Spread about me are smiles, milestones, and memories that I know I have to put away now so that they don’t get lost or damaged. They’re not going to be piled back into those boxes, but sorted and labeled into big envelopes and manila folders. I have empty drawers ready and waiting.

I had copied for my oldest daughter last year a couple of black and white simple prints from the day she was blessed, when she was ten days old. My father was in town for a few days, and so we took advantage.

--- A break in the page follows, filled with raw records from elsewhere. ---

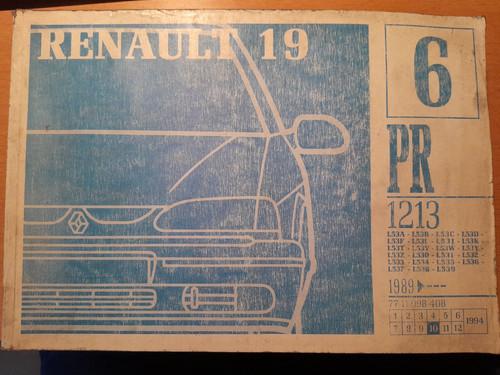 Renault r19 chamade 1989 - 19,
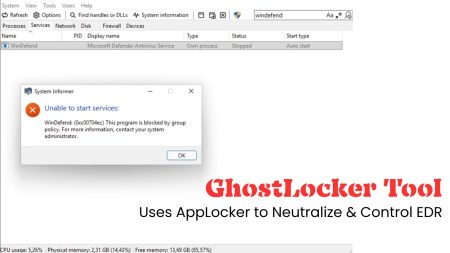 Νέο εργαλείο GhostLocker που χρησιμοποιεί το Windows AppLocker για την εξουδετέρωση και τον έλεγχο του EDR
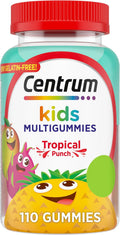 Centrum Kids Multivitamínico en Gomitas Sabor Tropical Punch, 110 Unidades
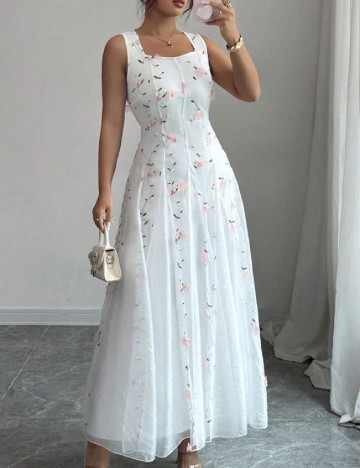 Rochie lunga SHEIN, alb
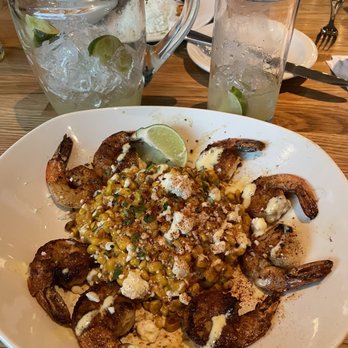 Bonefish Grill - Blackened Shrimp and Mexican Street Corn - Seafood Near Me - Johnstown, Colorado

In truth, he had come to reclaim my mother who had been with us for a month, on the premise that you never knew when first babies would come — so she came early and of course I delivered late. I found more pictures from that day, each with its own selection of relatives on both sides — all the grandparents and some of the great-grandparents.

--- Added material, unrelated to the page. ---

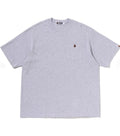 A BATHING APE ONE POINT RELAXED FIT POCKET TEE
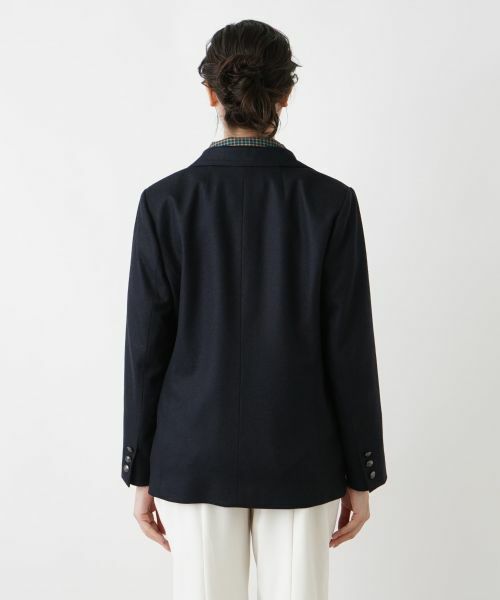 Leilian PLUS HOUSE / レリアンプラスハウス テーラードジャケット | エンブレム刺繍付きブレザー | 詳細9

The one I linger on, though, is one I thought we’d lost. The image is a little damaged in the edges, but it shows me and my husband holding this brand new little person out in the garden. We’re gazing at her, in the wonder of having her. She was our third pregnancy. We hadn’t suffered through colic yet, or teething, or tantrums or traumas.

We knew that whatever the particular assortment of troubles would be for this child (or later children), there would be some. There might be many. They might be wrenching. But this beginning was as blessed as each beginning is in life.

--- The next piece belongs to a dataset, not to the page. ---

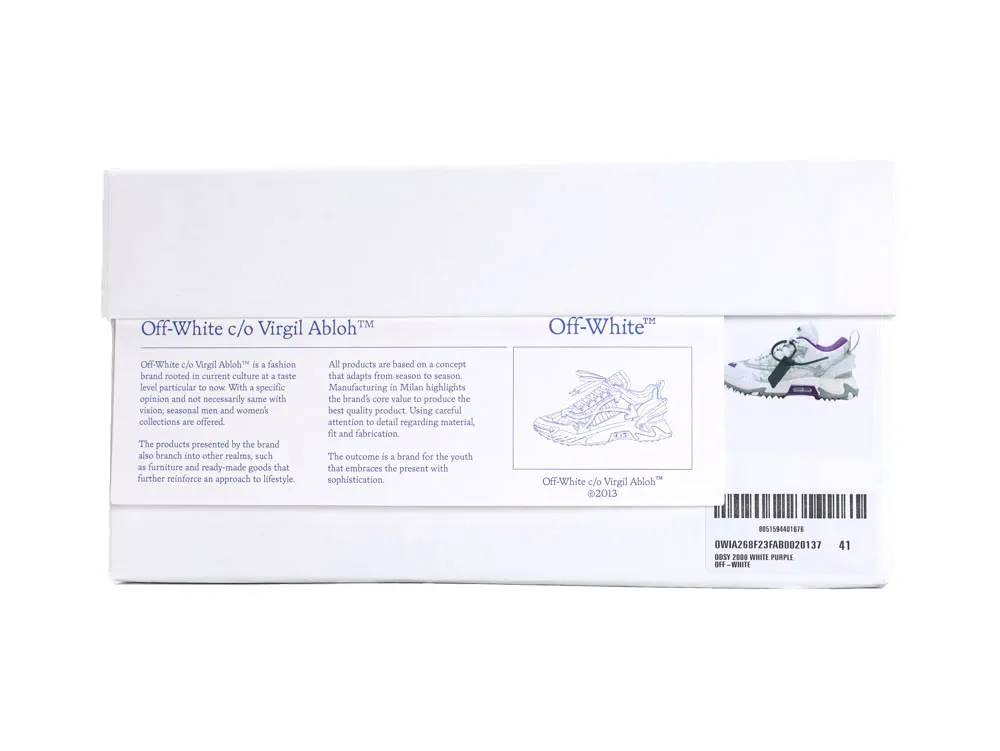 Off-White ODSY-2000 Low Top Sneakers – White Purple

It’s wonderful to have some visible record of our lives together as a family. We never had a video camera, so we weren’t tempted into spending so much attention capturing our events that we weren’t fully in the moment as we lived them, but we were able to freeze some moments for later, and later has come. There are gaps, but there are lots of chances to reminisce.

I have to tag the years by who’s there, or not there yet, and who’s gone. Six children with fifteen years between the first and last cover a lot of years. I have to decide how to group them and label them for storage. There are formal family portraits, school pictures, vacation snapshots, and activities at home or elsewhere.

Pictures grouped around the arrival of each new child in the family usually have my mother present and my husband with the camera, not in the shot. We made him be in a few of them.

One that’s fun is taken with the string of us lined up sitting in the open side door of the minivan, with baby number five, about that many days old, held on my lap. Some are posed on the porch, or in front of our little apple tree.

There’s a shot of the Christmas “pageant” concocted by the three older girls for family home evening because there was now a baby boy to stick in the box (as a manger) to be the baby Jesus. As one of those daughters put it this week, it didn’t work the next year when he was old enough to crawl out and not cooperate.

They rigged up costumes all on their own, used a twirling baton for a shepherd’s staff, a bath towel for Mary’s head scarf, and pinned a white sheet for the angel. What fun it is to see now.

As I went through the stacks, the envelopes, and the boxes, what meant the most to me was that the pictures and the memories were happy. It’s the smiles that linger with me. This hasn’t been a chore to get done and feel relief. It’s been a process touched by the Spirit, and it’s lifted my heart.

We went through very difficult times through the years, for a variety of reasons and in a number of ways. I imagine most families could say the same.

But underlying any of that was always a sense of safety that we had love in our home and the Lord as our help. He has the power to redeem our mistakes, our missteps, and heal the hurts we may cause because of them. We weren’t perfect, and no one ever is. But we were blessed, all along the way. We continue to be blessed.

I am struck, not for the first time, by how little we can know of what lies ahead for our children individually and who they will become, but how much we do know as we do our best to lay a foundation of love, safety, and faith as they grow up in our care. They each have to figure out their own way, as we had to figure out ours.

I am amazed, and grateful, at how all of our imperfect efforts and bumpy paths — even very rocky ones — can yet lead us along to joy.